++++ Data to use ++++

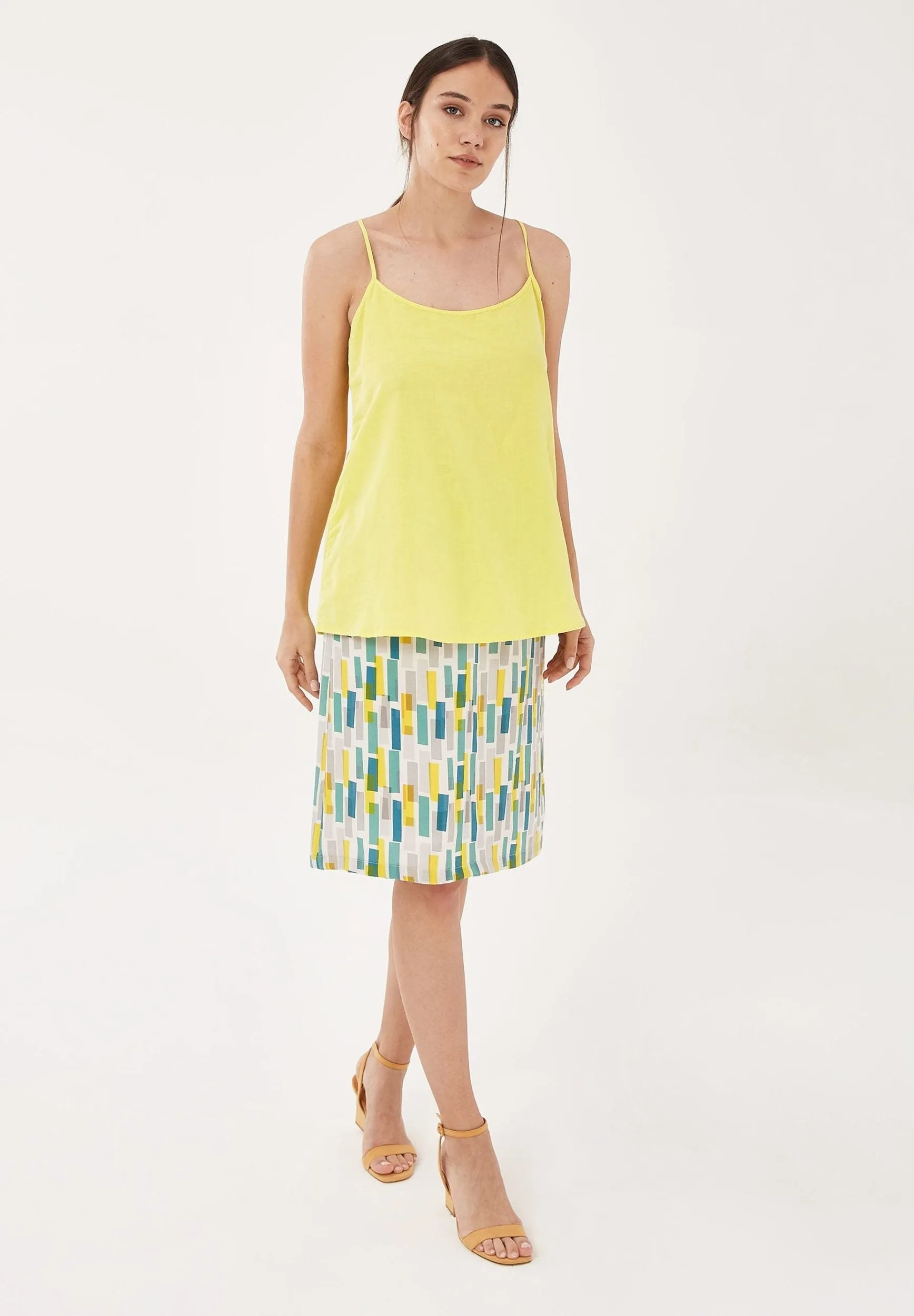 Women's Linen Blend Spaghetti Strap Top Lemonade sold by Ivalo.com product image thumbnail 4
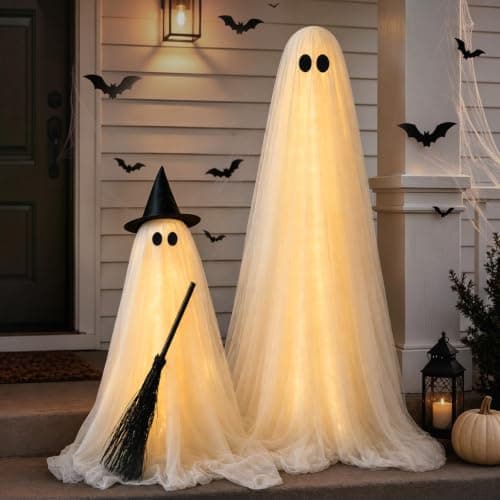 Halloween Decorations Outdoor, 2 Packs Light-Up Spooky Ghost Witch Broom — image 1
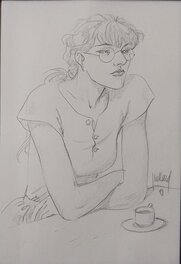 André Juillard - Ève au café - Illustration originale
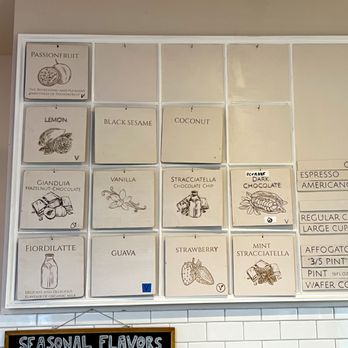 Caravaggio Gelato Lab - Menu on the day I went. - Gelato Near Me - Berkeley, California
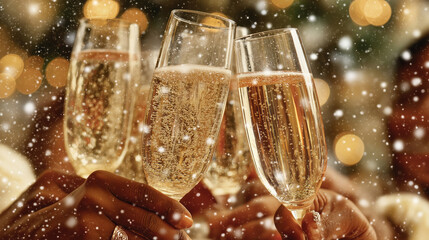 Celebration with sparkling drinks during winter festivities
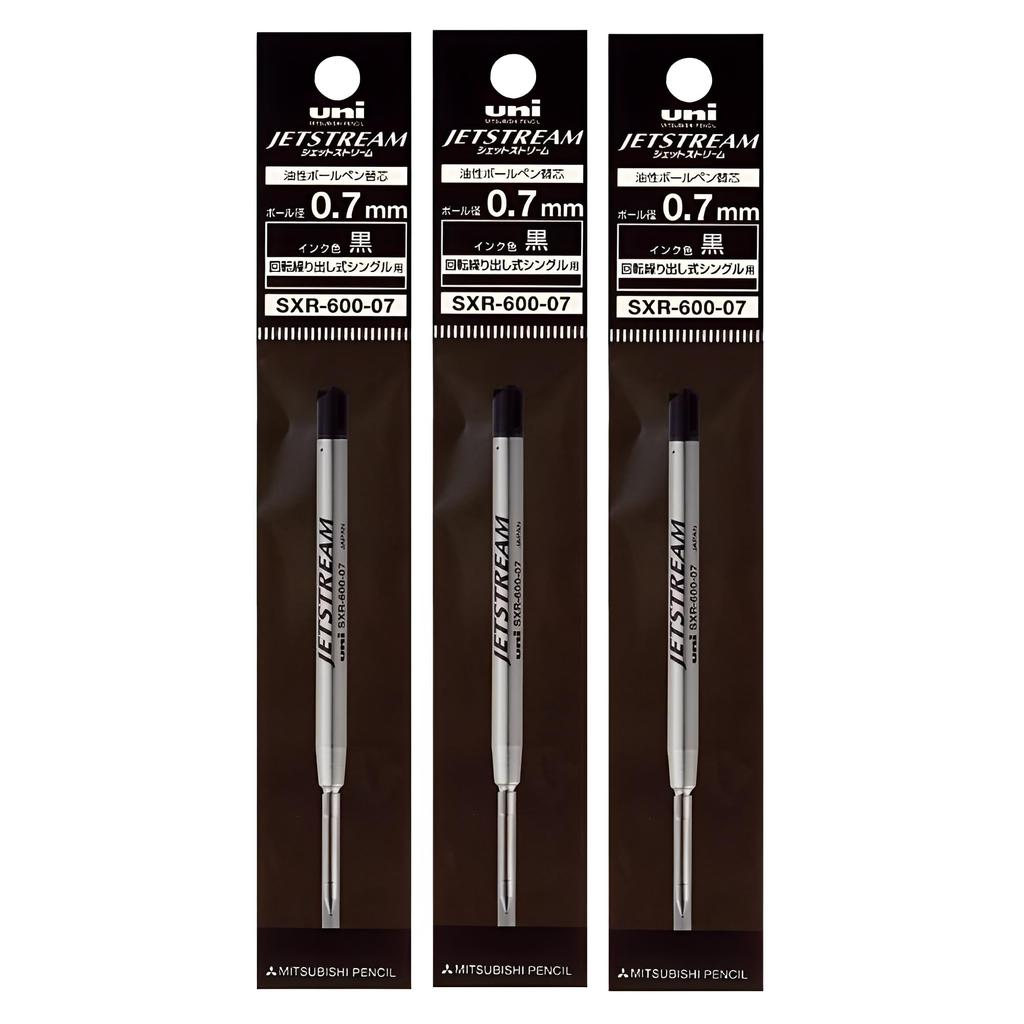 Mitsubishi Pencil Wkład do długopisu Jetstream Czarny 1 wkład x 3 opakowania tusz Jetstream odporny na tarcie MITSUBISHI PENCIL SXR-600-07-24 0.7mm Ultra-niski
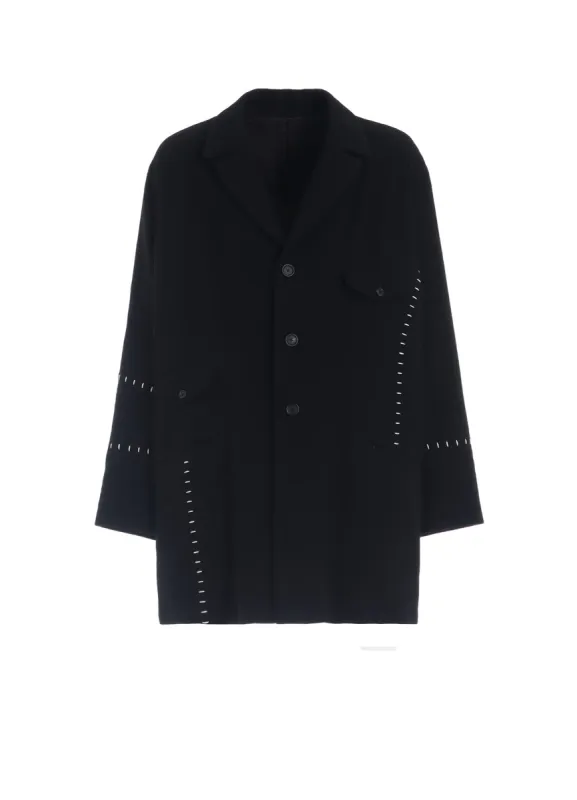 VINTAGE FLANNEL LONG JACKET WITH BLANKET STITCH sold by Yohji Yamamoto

++++
++++ Data to use ++++

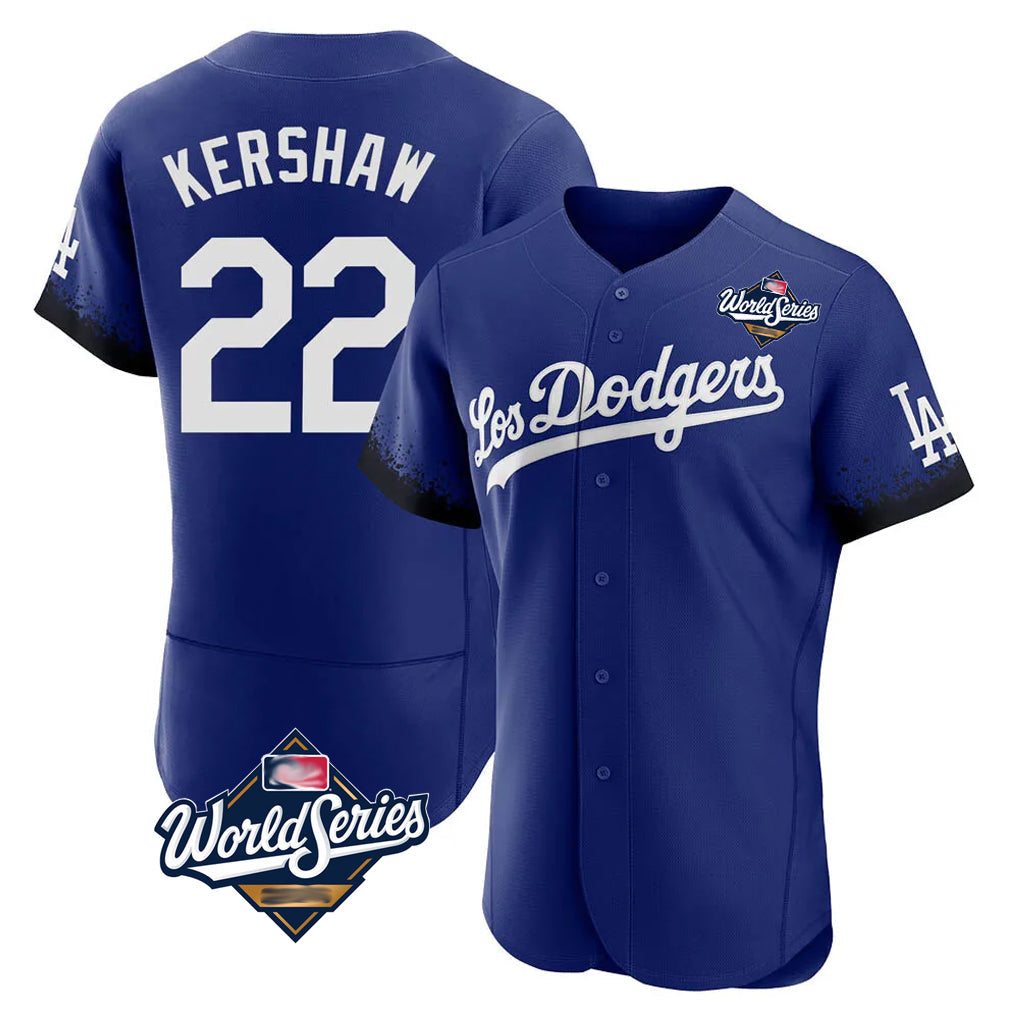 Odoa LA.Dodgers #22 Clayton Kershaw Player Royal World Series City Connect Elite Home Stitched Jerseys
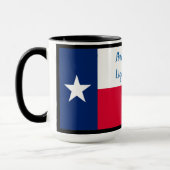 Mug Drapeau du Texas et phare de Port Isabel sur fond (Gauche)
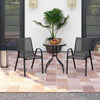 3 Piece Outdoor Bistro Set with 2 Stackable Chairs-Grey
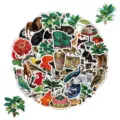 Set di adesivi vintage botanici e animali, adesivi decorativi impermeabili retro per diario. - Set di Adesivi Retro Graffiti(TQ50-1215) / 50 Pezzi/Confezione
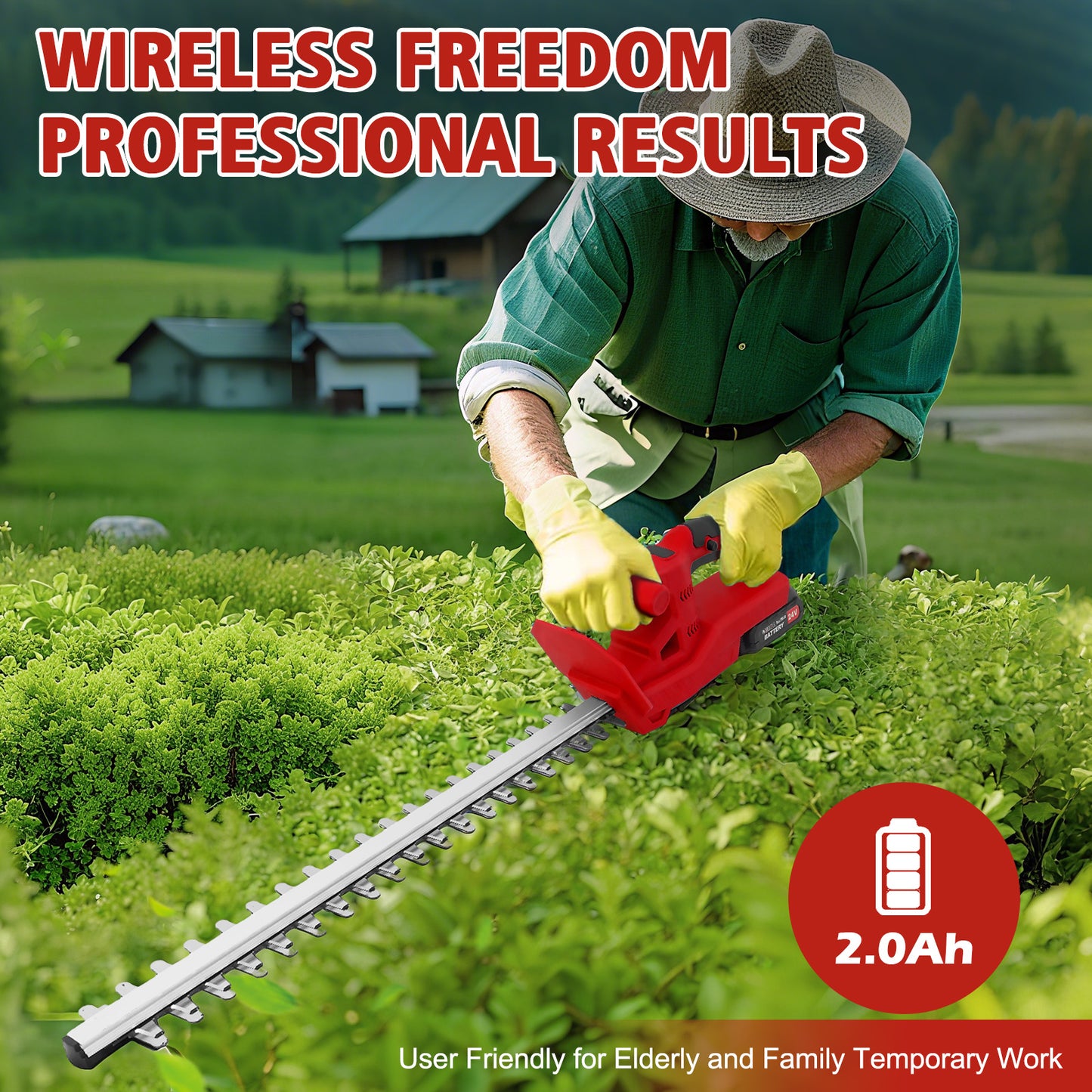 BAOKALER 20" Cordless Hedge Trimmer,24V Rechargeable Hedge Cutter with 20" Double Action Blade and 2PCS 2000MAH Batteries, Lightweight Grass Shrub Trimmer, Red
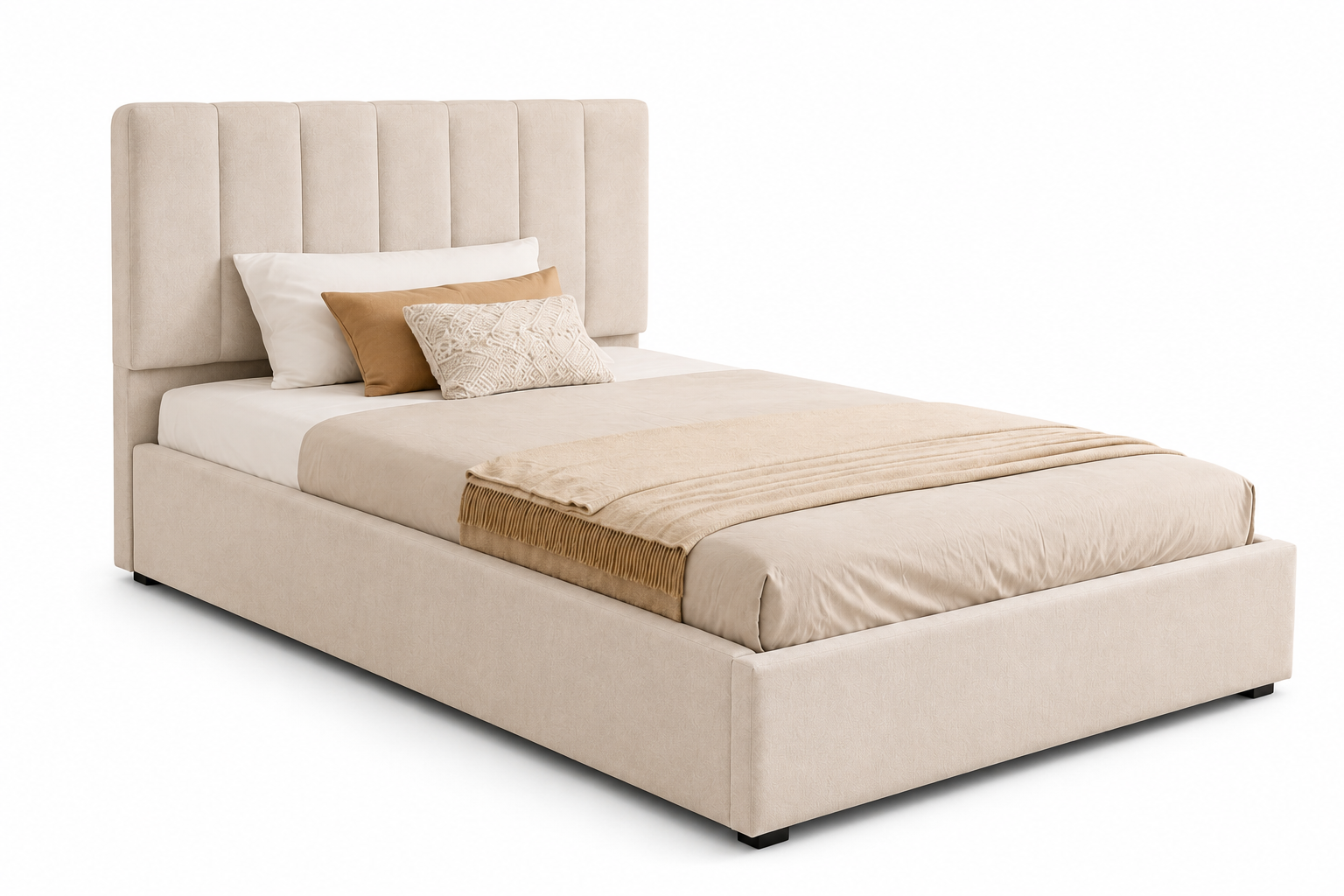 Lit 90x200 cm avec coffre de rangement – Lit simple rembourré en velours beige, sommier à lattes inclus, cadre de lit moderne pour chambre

++++

**Work order**
What do the entries above read from the line containing "Women's Linen Blend" through the line containing "André Juillard - Ève"? Output those lines exactly, both ends included, with the pictures left out.

**Answer below**
 Women's Linen Blend Spaghetti Strap Top Lemonade sold by Ivalo.com product image thumbnail 4
 Halloween Decorations Outdoor, 2 Packs Light-Up Spooky Ghost Witch Broom — image 1
 André Juillard - Ève au café - Illustration originale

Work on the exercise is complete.